Le ministre de la Justice est poursuivi pour "prise illégale d'intérêt". Les magistrats enquêtent sur de possibles conflits d’intérêts avec ses anciennes activités d’avocat.

Le ministre de la justice Eric Dupond-Moretti convoqué devant les juges pour s’expliquer sur des soupçons de conflits d’intérêts.
Le ministre de la justice Eric Dupond-Moretti convoqué devant les juges pour s’expliquer sur des soupçons de conflits d’intérêts. © AFP / Ludovic MARIN

C'est une première pour un ministre de la Justice en exercice, Éric Dupond-Moretti répondait ce vendredi 16 juillet aux questions des juges de la Cour de justice de la République. Les magistrats ont finalement décidé de le mettre en examen. Le garde des Sceaux est soupçonné de possibles conflits d'intérêt entre ses anciennes activités d'avocats et son rôle désormais au sein du gouvernement. Le ministre s’était montré "serein" et "particulièrement déterminé", lors de son arrivée à la CJR, avec un grand sourire. "Le ministre de la justice n’est pas au-dessus des lois, mais il n’est pas non plus en dessous" assure-t-il.

Deux affaires distinctes

Les magistrats cherchent à savoir si Éric Dupond-Moretti a utilisé ses prérogatives de ministre pour servir ses intérêts personnels. Deux dossiers sont au centre de l'accusation. D'abord, l'enquête administrative demandée contre trois magistrats du parquet national financier (PNF), en septembre 2020. Éric Dupond-Moretti est alors garde des Sceaux depuis deux mois.

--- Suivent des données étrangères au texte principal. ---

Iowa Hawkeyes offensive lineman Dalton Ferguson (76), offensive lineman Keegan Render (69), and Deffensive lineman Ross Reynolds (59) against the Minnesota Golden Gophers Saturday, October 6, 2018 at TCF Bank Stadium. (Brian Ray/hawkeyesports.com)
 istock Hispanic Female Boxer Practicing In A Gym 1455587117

Il reçoit le rapport de l'inspection générale de la justice, commandé par la ministre précédente, sur les agissements du PNF en marge de l'affaire Bismuth. Le PNF avait fait éplucher les fadettes de plusieurs avocats, pour identifier une taupe qui aurait informé Nicolas Sarkozy de sa mise sur écoutes. L'avocat Eric Dupond-Moretti dénonce alors des méthodes de barbouzes puis porte plainte. Deux mois plus tard, il devient garde des Sceaux et décide, après le rapport de l'inspection, qui n'avait relevé aucune illégalité, de déclencher une enquête administrative, visant nommément trois magistrats.  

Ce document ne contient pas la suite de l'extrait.